- [TASK] The material below holds pictures, which are to be left out; copy exactly the lines from the one with "Razorback Mountain (092N10 Toporama)" through the one with "Cabramatta Fire Station map".

- [PROVIDED MATERIAL]
.....

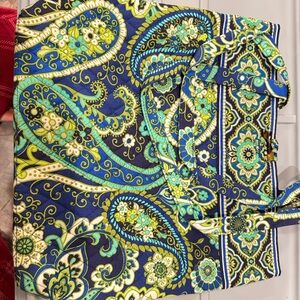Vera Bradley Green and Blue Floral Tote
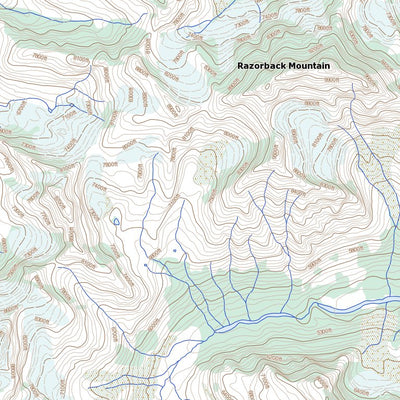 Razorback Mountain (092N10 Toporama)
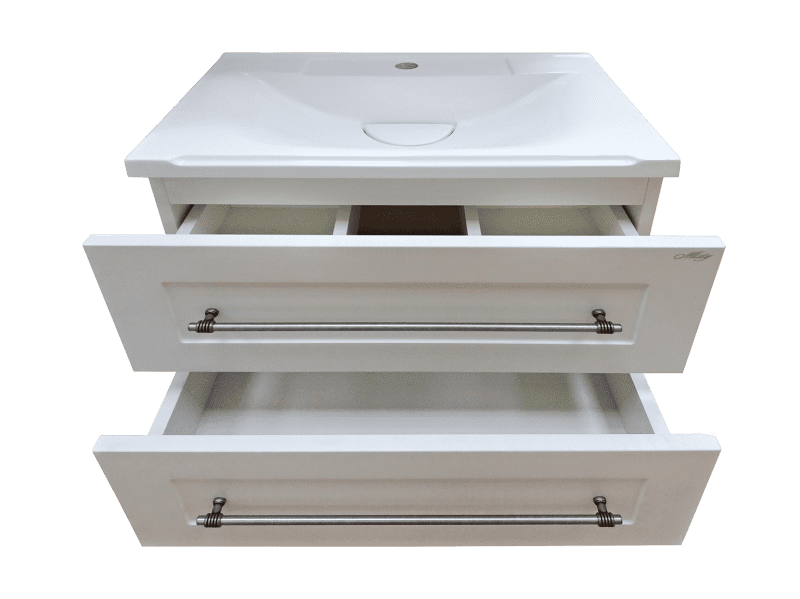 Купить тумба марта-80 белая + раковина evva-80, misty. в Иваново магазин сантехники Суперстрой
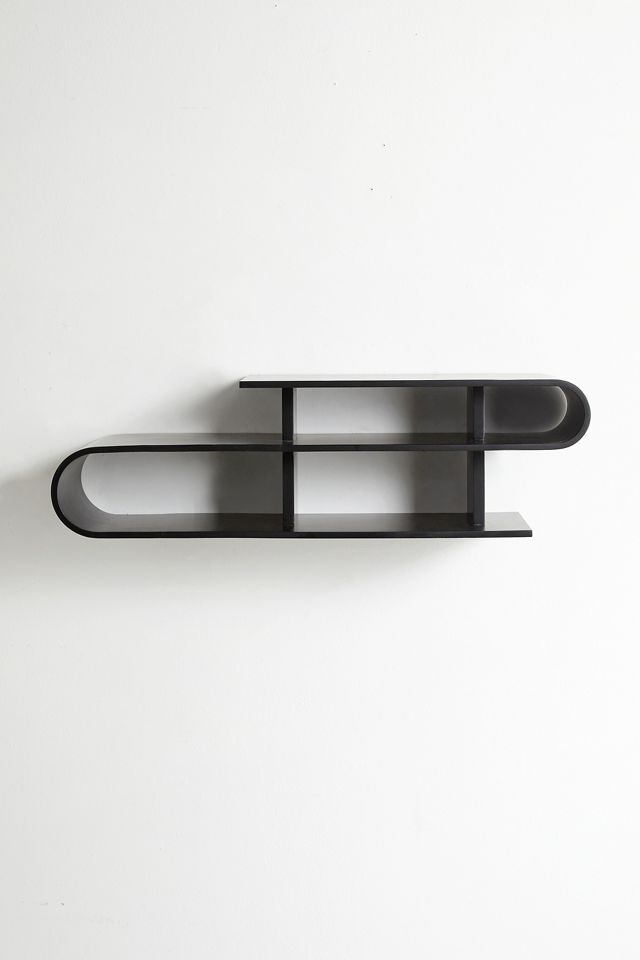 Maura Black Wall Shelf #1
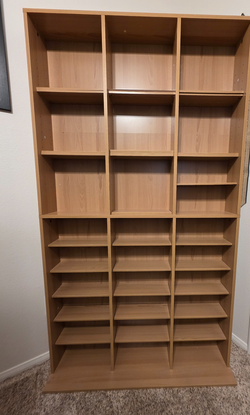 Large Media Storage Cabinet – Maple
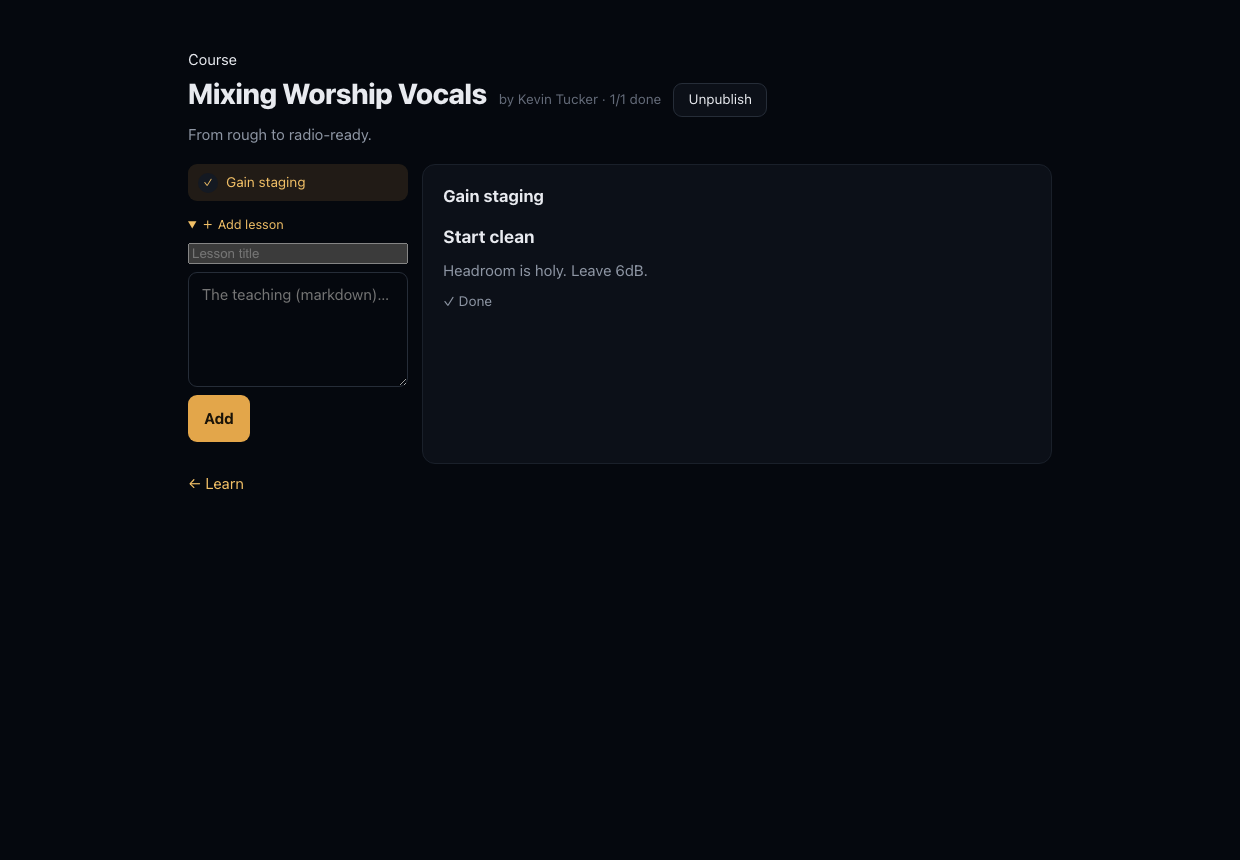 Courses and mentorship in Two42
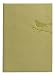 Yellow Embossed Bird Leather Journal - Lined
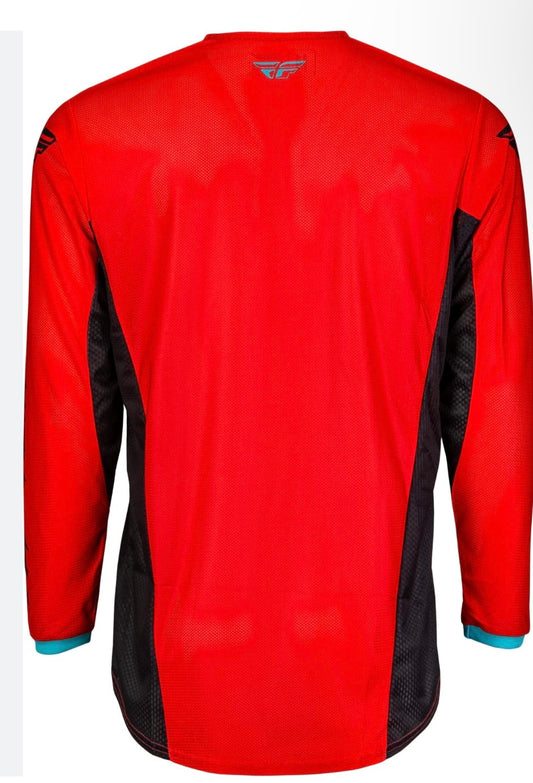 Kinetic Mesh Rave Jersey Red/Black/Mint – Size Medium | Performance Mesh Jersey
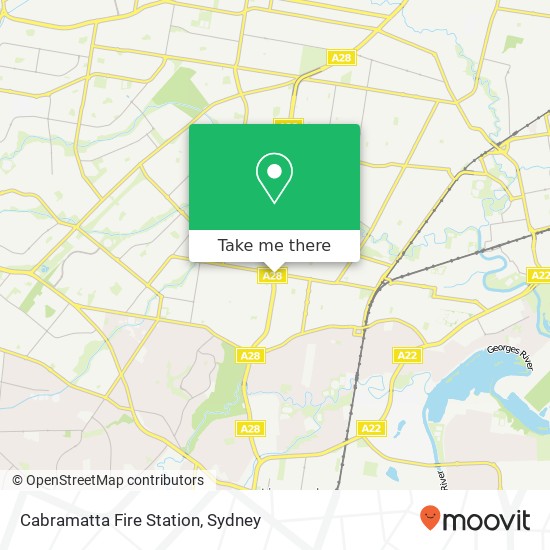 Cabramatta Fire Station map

.....

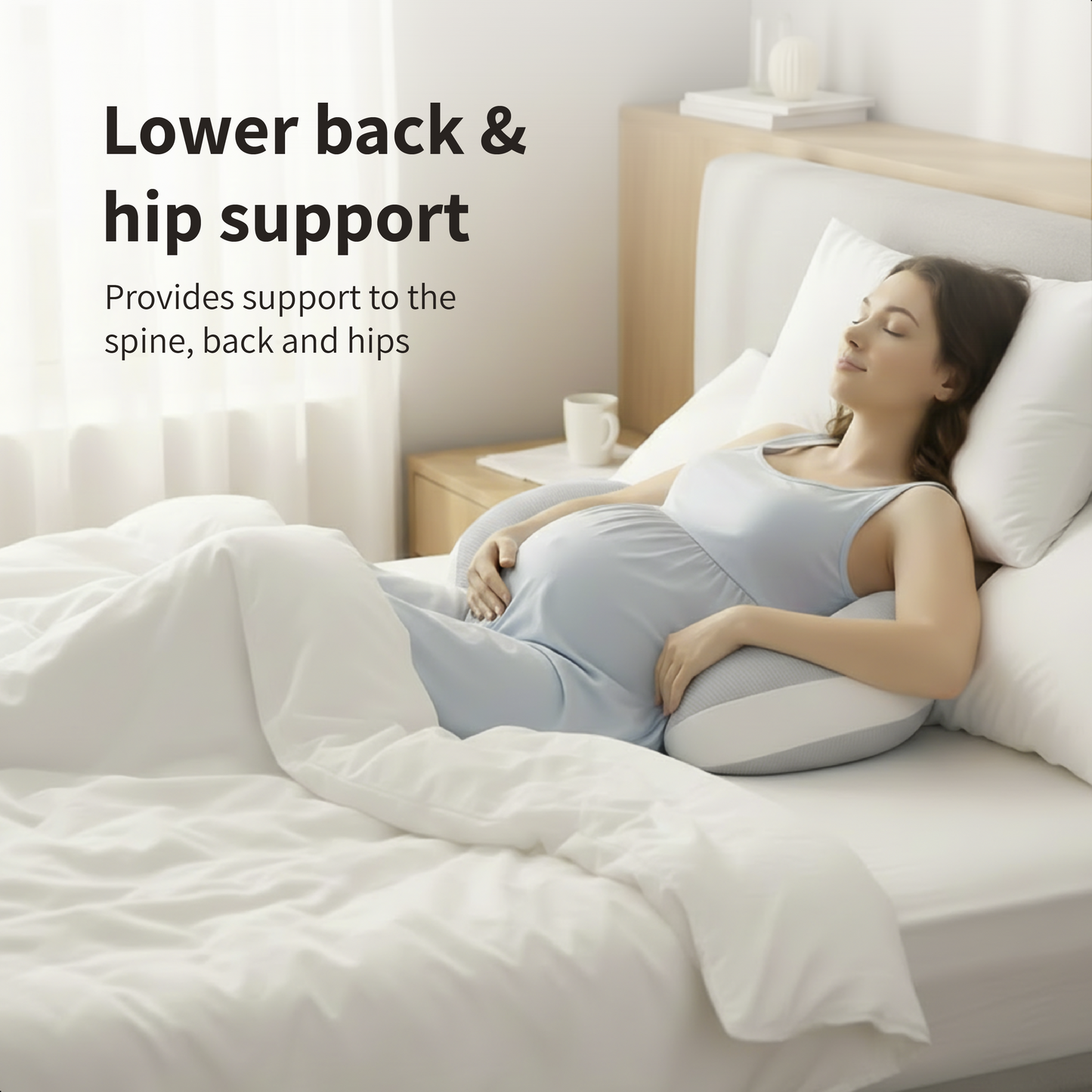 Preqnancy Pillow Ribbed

.....

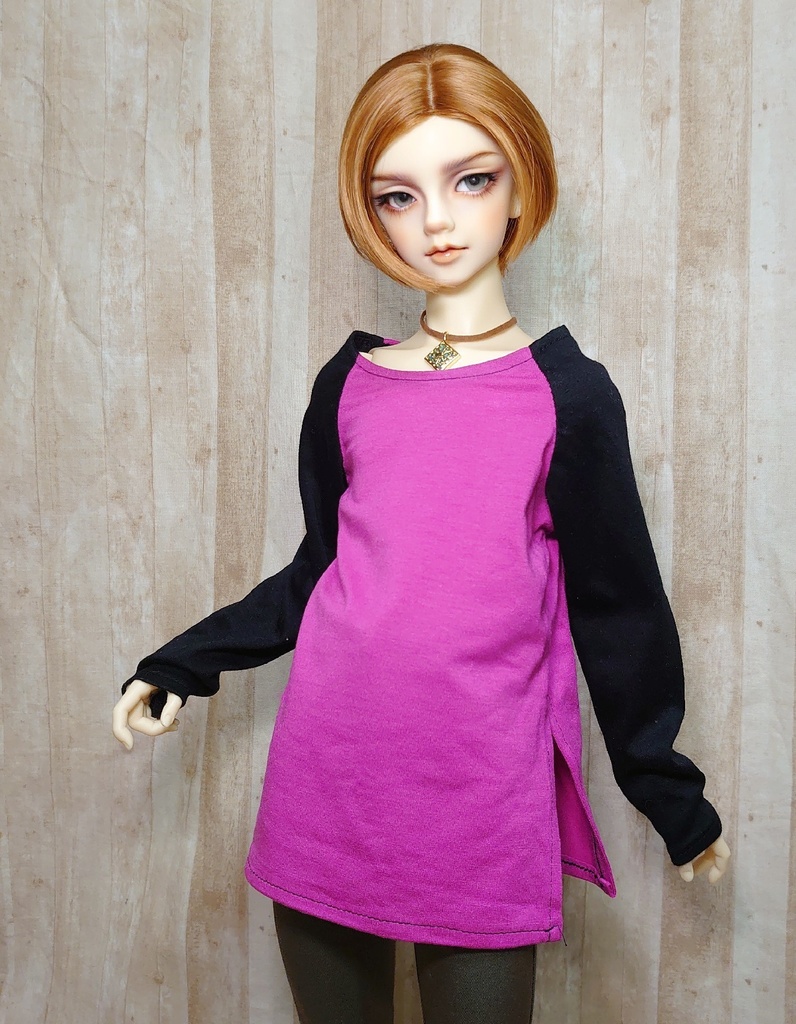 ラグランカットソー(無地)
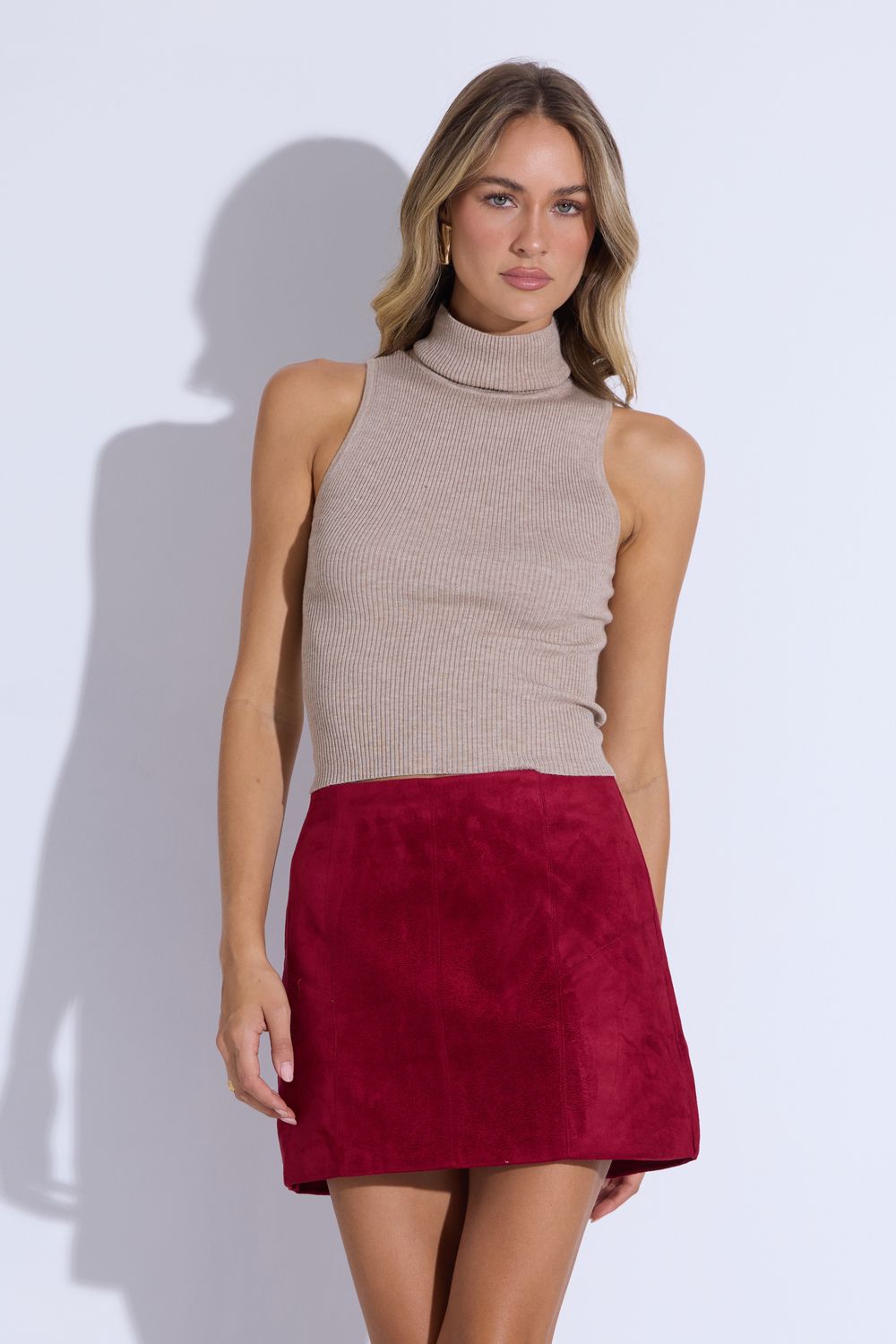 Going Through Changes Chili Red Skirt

.....

- [WRITTEN RESPONSE]
 Razorback Mountain (092N10 Toporama)
 Купить тумба марта-80 белая + раковина evva-80, misty. в Иваново магазин сантехники Суперстрой
 Maura Black Wall Shelf #1
 Large Media Storage Cabinet – Maple
 Courses and mentorship in Two42
 Yellow Embossed Bird Leather Journal - Lined
 Kinetic Mesh Rave Jersey Red/Black/Mint – Size Medium | Performance Mesh Jersey
 Cabramatta Fire Station map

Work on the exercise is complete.